Desde que fui convidada a ocupar este espaço, tenho sido criticada acerca da opção por abordar preferencialmente temas relacionados à negritude. Houve vezes em que fiquei baqueada. Noutras tive vontade de rebater. Diante da falácia acerca de um delirante racismo de negros contra brancos, agradeci por ter mantido meu propósito.
O racismo é uma realidade cruel e excludente que faz parte do cotidiano da maioria da população brasileira. O sistema que garante a perpetuação das imensas desigualdades lembra um câncer em fase tão avançada que em certos momentos parece um desafio impossível de ser suportado.

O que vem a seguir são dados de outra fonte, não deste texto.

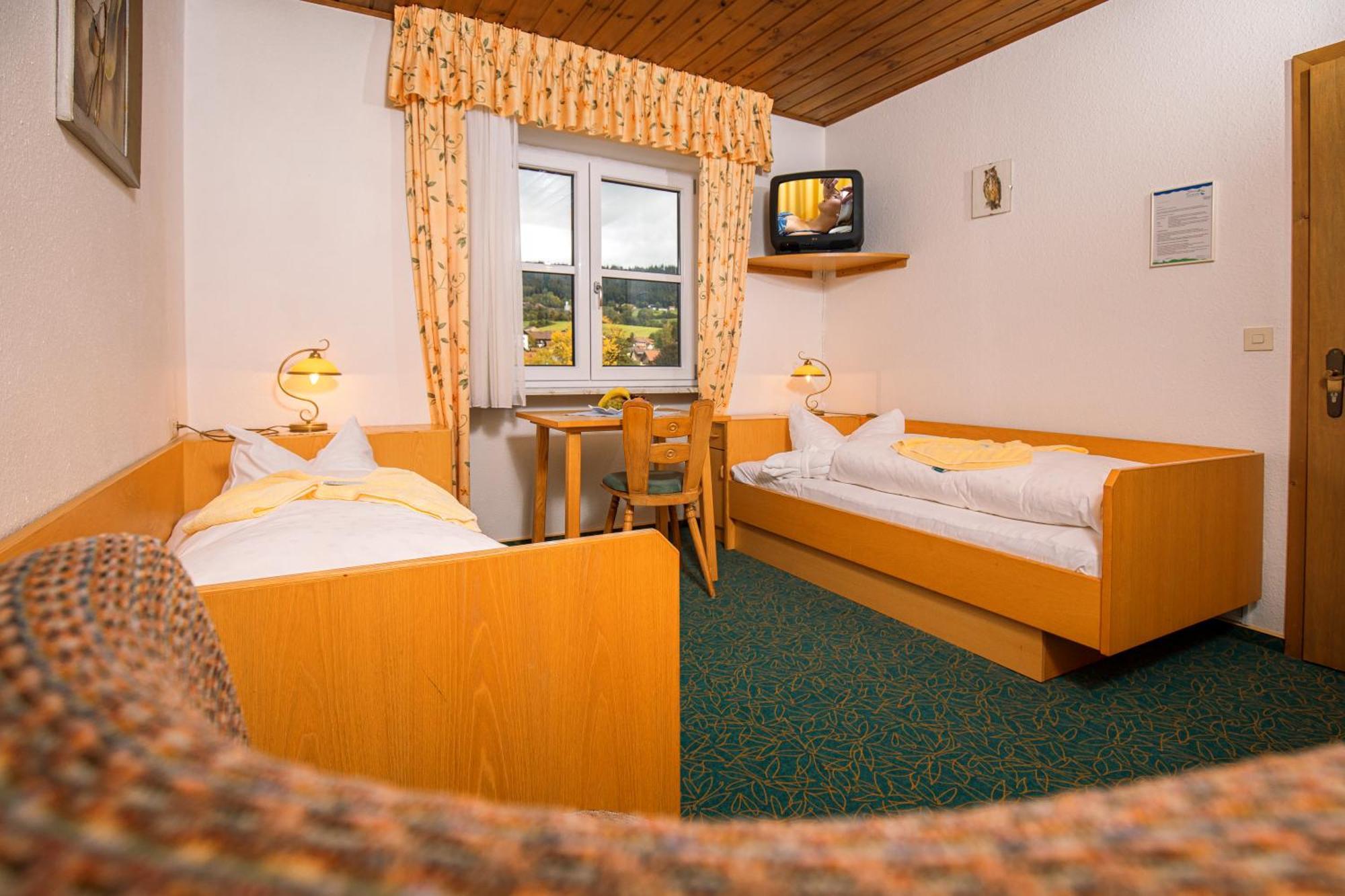 Hotel Zum Hirschen Лам Стая снимка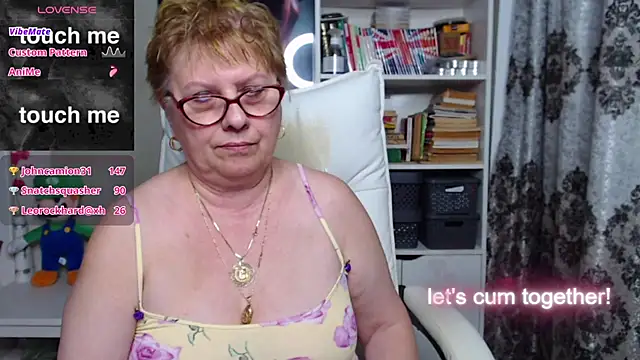 Snapshot of Mella4you chatting on January 30, 2025, 2:25 pm Mella4you online show from January 30, 2025, 2:25 pm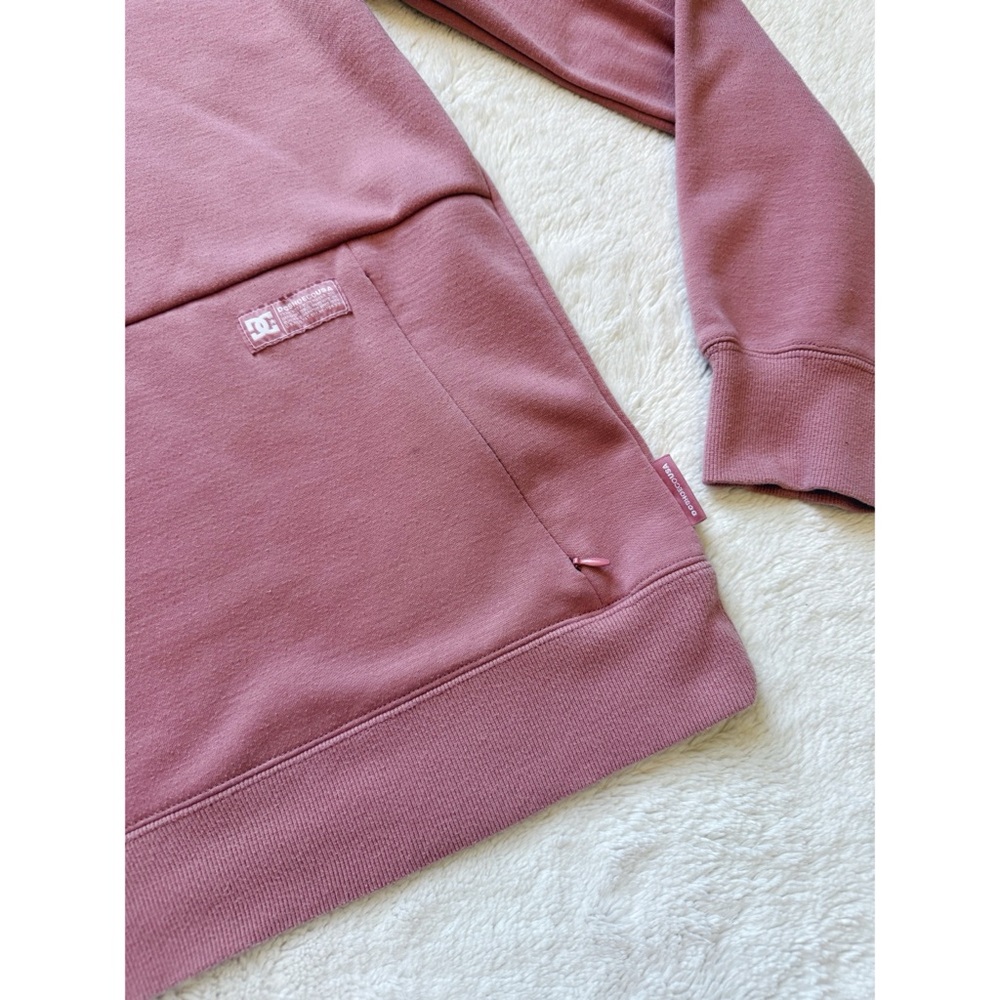 DC | Technical Cowl Neck Fleece - Picture 8 of 10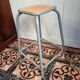 Tabouret haut vintage en bois et métal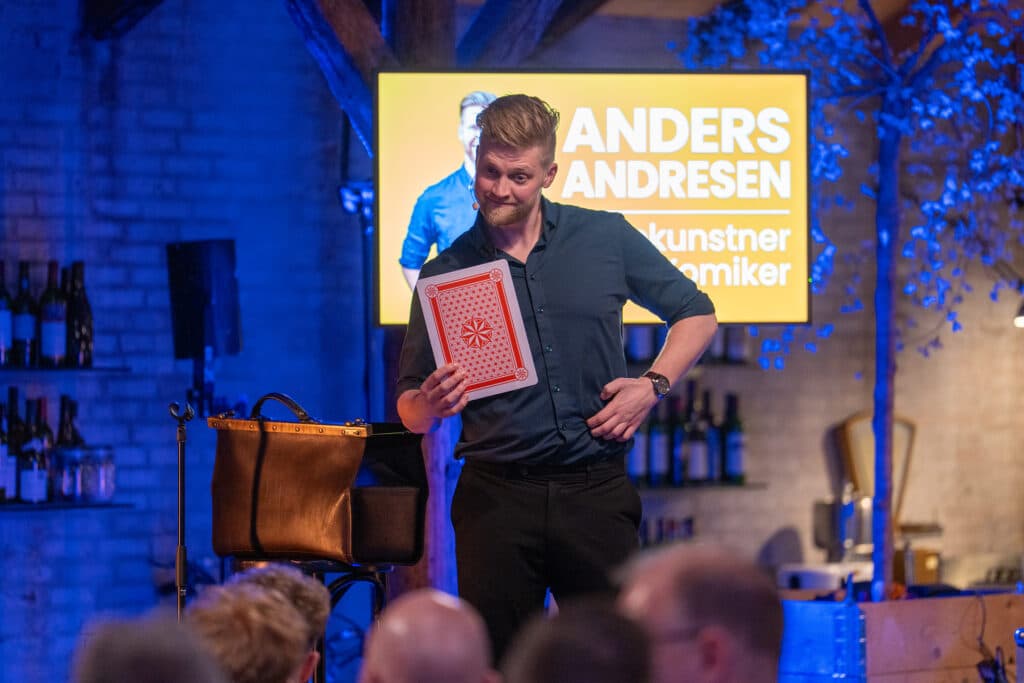 Tryllekunstner Anders Andresen optræder med trylleshow til firmaarrangement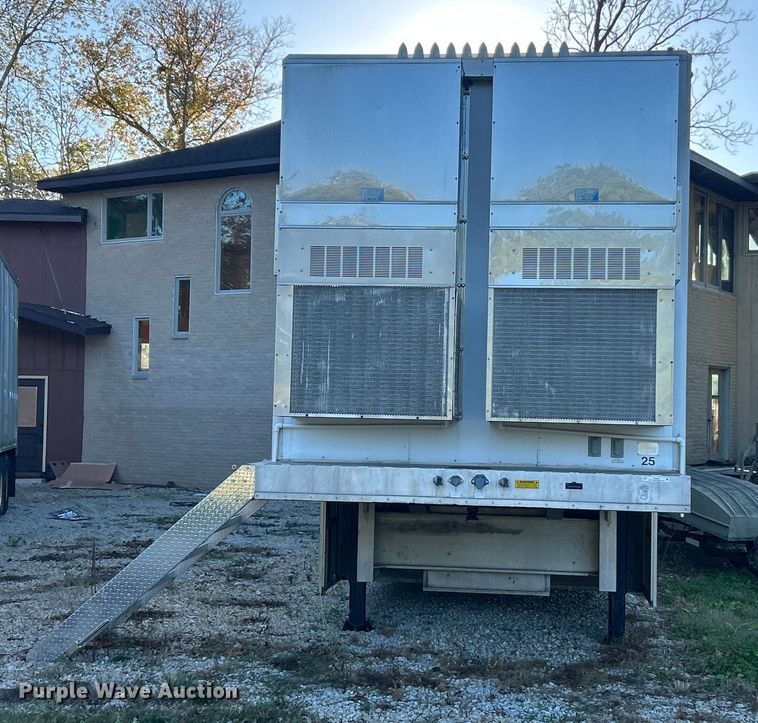 image for item ET6501 2013 Trailer 40' CUPCOW communications trailer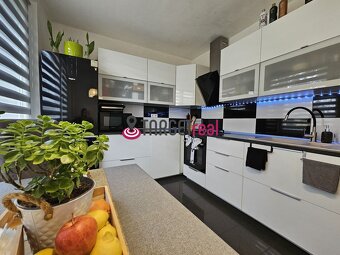 Na predaj veľký kompletne zariadený 3-izbový byt v centre Pi - 18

Quem é negro sabe o quanto dói ser julgado, preterido e perseguido em razão da cor da pele. Infelizmente ainda há quem tente extirpar nossa humanidade. Mas, na condição de seres humanos, pessoas negras têm defeitos, preconceitos, ambições, sofrem. E resistem. Há séculos.
Sendo o racismo um sistema estruturante de dominação com base num conceito absurdo de superioridade racial que mantém pretos e pardos em desvantagem social, econômica e cultural —e não se trata de uma mera querela semântica, embora a semântica seja muito importante—, não é razoável imaginar a existência de racismo reverso num país hierarquizado de maneira a manter os negros em condição de subalternidade desde os tempos em que o Brasil era uma colônia.
Recorro ao lúdico, rememorando uma entrevista do pugilista Muhammad Ali, astro dos ringues e gigante na defesa dos direitos civis dos afro-americanos, para a BBC na década de 1970. Na ocasião, ele citou um diálogo que teve com a mãe, na infância, para chamar a atenção da audiência da televisão para a pauta racial nos EUA.
"Sempre fui curioso e perguntava à minha mãe: Por que tudo que é bom —Jesus, os anjos, o papa, Papai Noel (…)—, é branco, e tudo que é ruim —o Patinho Feio, o gato que dá má sorte (…)—, é preto? Foi aí que eu entendi que algo estava errado." É disso que se trata.